En matière répressive, la compétence des juridictions étant d'ordre public, il appartient aux juges correctionnels de vérifier cette compétence et, selon les articles 512, 706 -19 et 706 -20 du Code de procédure pénale, lorsque la cour d'appel de Paris constate que les faits dont elle est saisie, en application de l'article 706 -17 du même code, ne constituent pas des actes de terrorisme et ne relèvent pas de sa compétence à un autre titre, elle doit se déclarer incompétente et renvoyer le ministère public à se pourvoir ainsi qu'il avisera.

Le juge d'instruction au TGI de Paris, saisi en application de l'article 706-17 du Code de procédure pénale, renvoie un prévenu devant le tribunal correctionnel de cette ville, pour quatre délits en relation avec une entreprise terroriste, tous commis en Haute-Corse.
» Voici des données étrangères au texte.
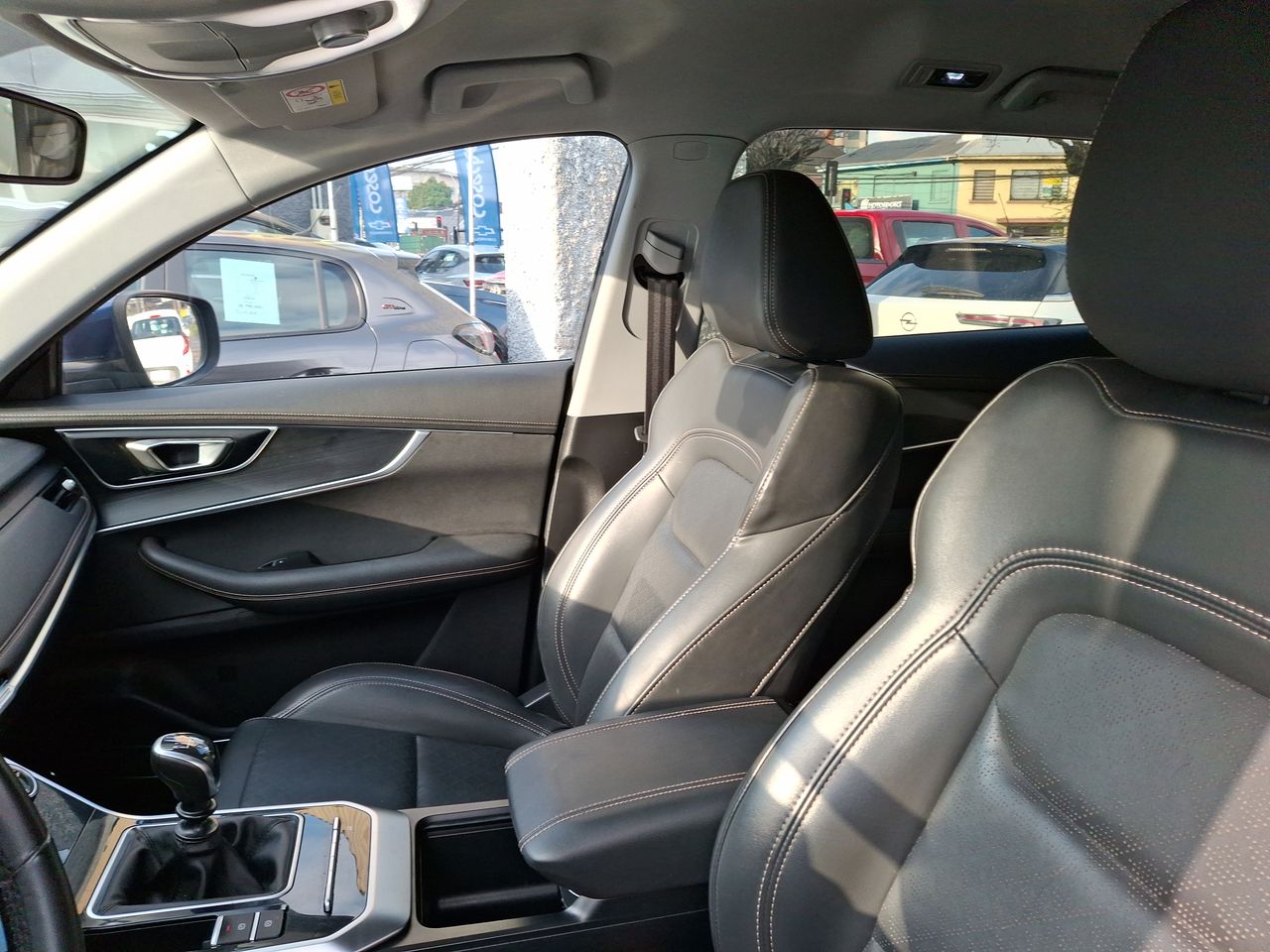 CHERY - 3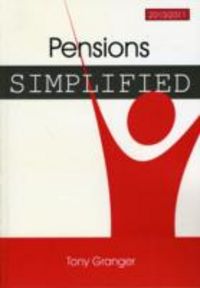 Produktbild: Pensions Simplified, 2010/2011
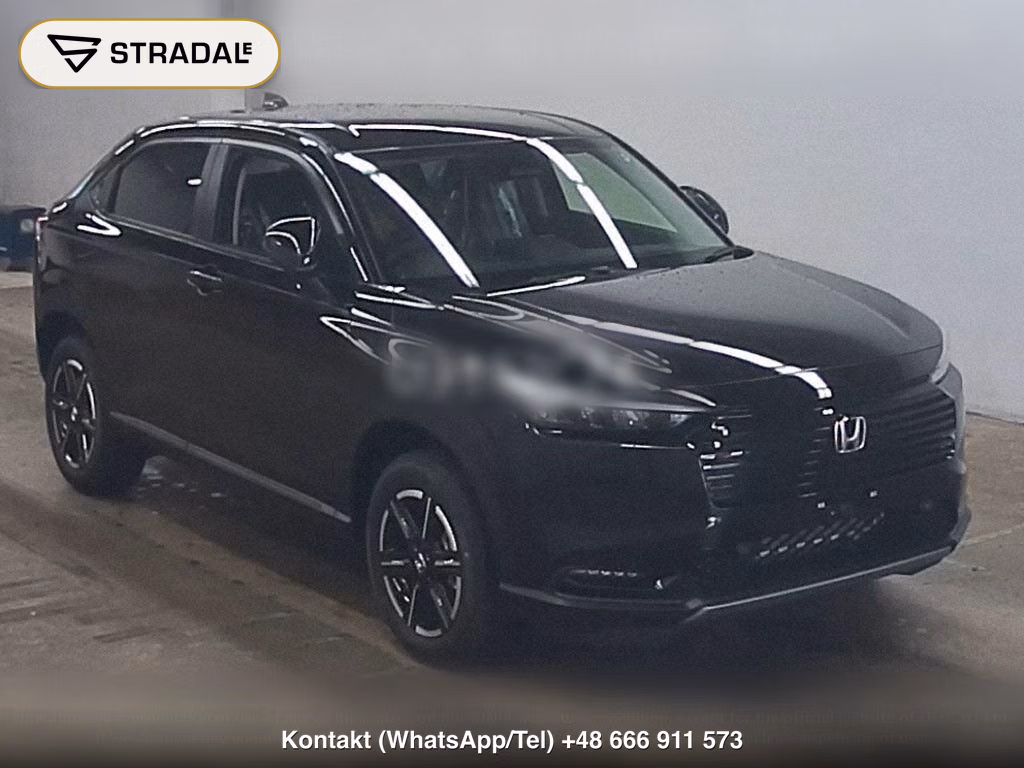 HONDA VEZEL 4WD G, miniaturka 2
Encourt la cassation l’arrêt qui, après avoir renvoyé le prévenu des fins de la poursuite, des chefs de fabrication d'engin explosif et association de malfaiteurs en vue de la préparation d'actes de terrorisme, et écarté l'existence d'une relation entre les autres délits lui étant reprochés et une entreprise terroriste, le déclare coupable de détention et transport d'explosif, pour préparer une destruction, en récidive, et contrebande de marchandise prohibée, alors que, constatant que les faits dont elle est saisie ne sont pas en relation avec une entreprise terroriste, la cour d’appel est tenue, à défaut d'être compétente à un autre titre, de se déclarer d'office incompétente, en application des dispositions spéciales d'ordre public des articles 706-19 et 706-20 du Code de procédure pénale, et de renvoyer le ministère public à se pourvoir ainsi qu'il aviserait.